Over the last several years we’ve been bombarded with one common and unchallenged refrain: that the Bush administration is the author of inumerable failures at home and abroad. The underlying assumption of this premise is that Bush and his neoconservative scalawags really had the best interests of the country at heart, but had simply blundered their way through one well-intentioned but ultimately misguided policy after another, leaving in their wake the wreckage of good intentions and rose-colored idealism. And that ultimately their strategies and policies have indeed failed. Both assumptions deserve a second look.
On the latter, the notion that Bush has authored one failed strategy after another: this suggests that he really wanted to impart democracy to Iraq, that this was his overriding aspiration and all his efforts were aimed at seeding the Middle East with the secular tools of democratic governance. Nothing could be further from the truth.
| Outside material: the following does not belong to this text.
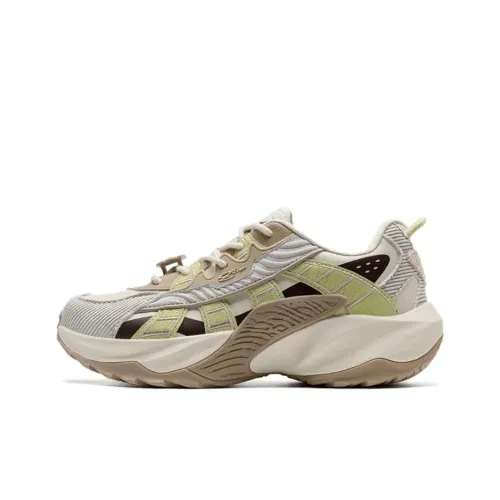 XTEP Slip-resistant Abrasion-resistant Low Top Footwear Women's Beige Green XTEP Противоскользящие Аbrasion-resistant Низкие Кроссовки Женские Бежево-зеленый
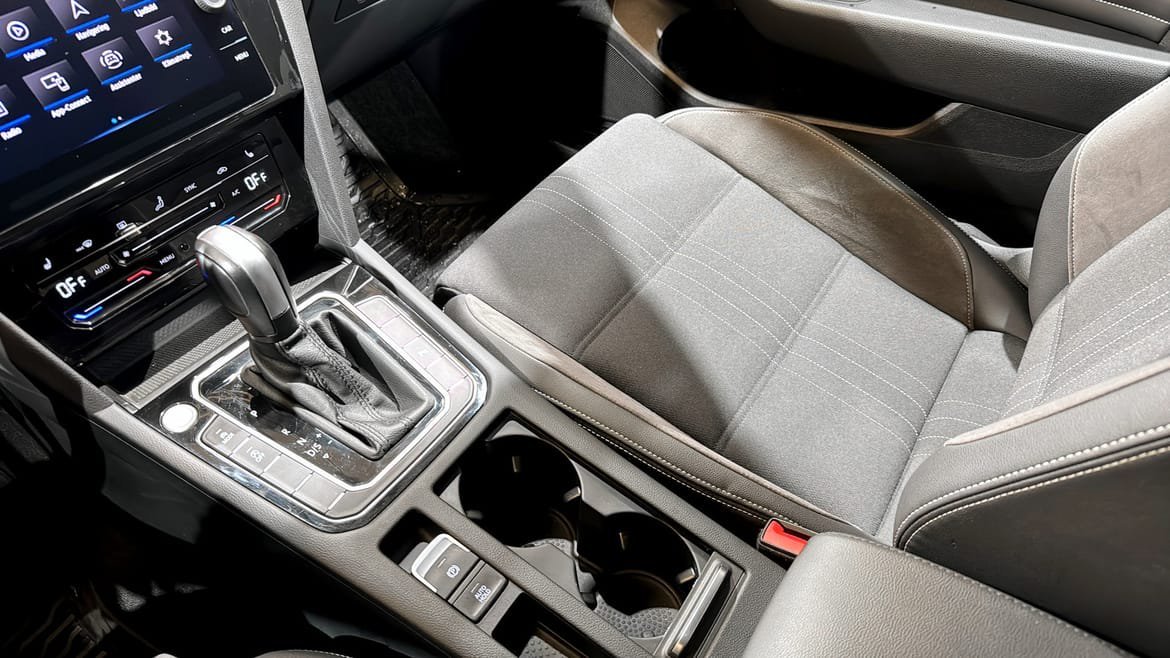 Vehicle Image 18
As Naomi Klein expertly explores in her bestseller The Shock Doctrine, the Bush administration sought, in Iraq at least, to create their own unique notion of the idealized free market economy, unfettered by regulation and government interference, a veritable tabula rasa on which the economy of boundless self-interest could script its utopian future. They wanted to create a perfect neoliberal nation. Democracy was a consideration only insofar as Bush and Cheney and Rumsfeld conflated democracy with their free market ideology through the manipulable rubrick of freedom. Otherwise, as Paul Bremer’s numerous actions belie (canceling elections, hand-picking governing councils, etc.), democracy was denied at every instance in which it conflicted with the broader aims of the neoliberal mandate. In fact, there is a strong argument to be made that these efforts to inhibit the democratic impulse were the incipient cause of the resistance movement.
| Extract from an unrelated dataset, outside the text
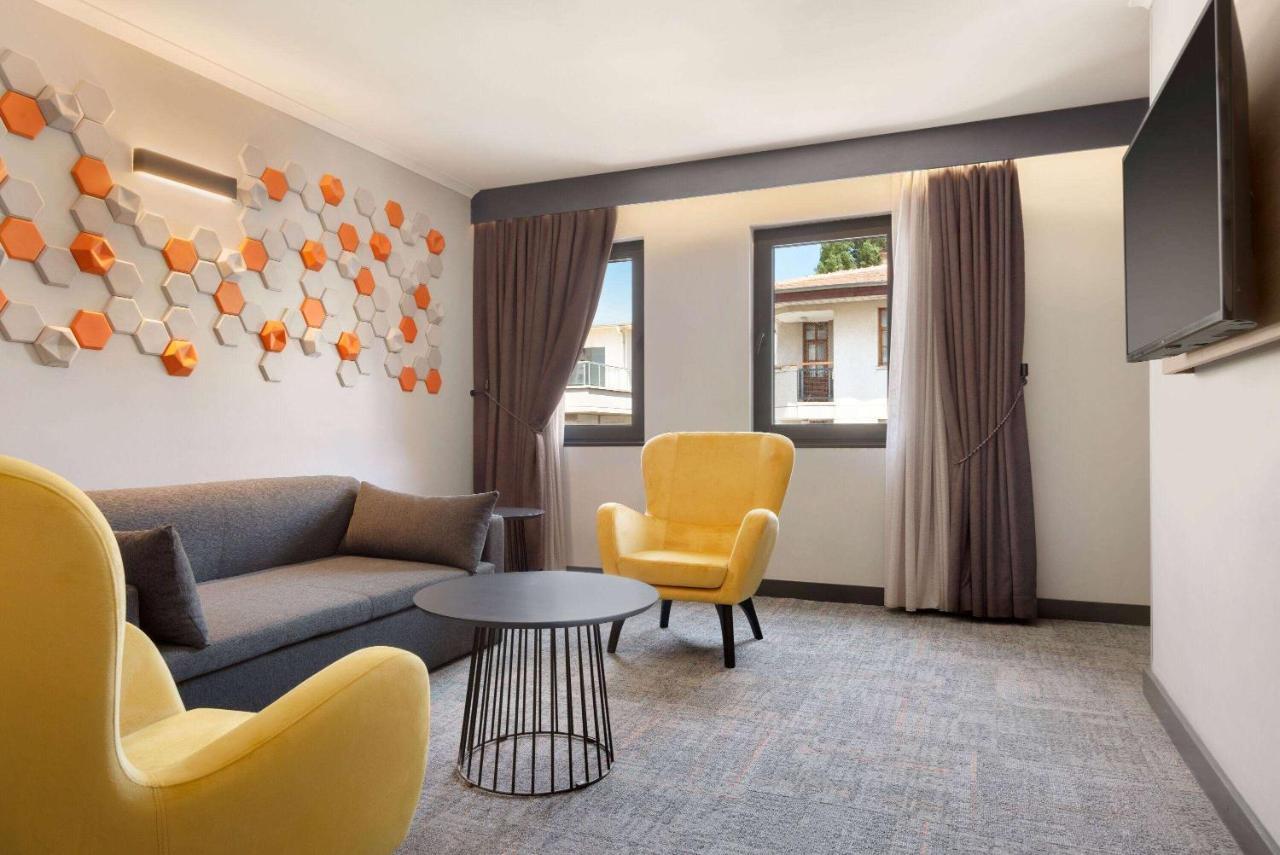 Days Hotel By Wyndham Ankara Cankaya Ancara Exterior foto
It is probably inarguable that the administration underestimated the force required to ensure that their neoliberal dream took wing amid the rubble of that demolished nation, but this only suggests the failure was of a different character altogether. If the administration failed, their failure was an incapacity to foresee the repression required to install a neoliberal regime, and not–as has been ceaselessly implied–a failure to spread the light of democracy to a former dictatorship. Democracy was never the goal. Cracking open a nation with unlimited profit potential was. The administration can’t then be said to have failed to impart something it never truly sought to share. It did fail to create the conditions for the free-wheeling pillage of Mesopotamia it imagined.
But consider the ultimate goal: profits. Through the invention of a war on terror and the implementation of a broad propaganda campaign to convince the American public that it was at imminent risk from a variety of threats (the axis of evil, etc.), it succeeding in justifying the creation of an enormous security economy, facilitated through the Department of Homeland Security and the Iraqi war itself. The unending war on terror provided the rationalization for a massive transfer of taxpayer dollars into the coffers of major corporations like Bechtel and Halliburton, companies positioned to exploit the need for security and reconstruction services. The billions that have been handed off to the corporate sector with almost no resistance from the Democratic Party represents a tremendous victory by the neoconservative element of American politics.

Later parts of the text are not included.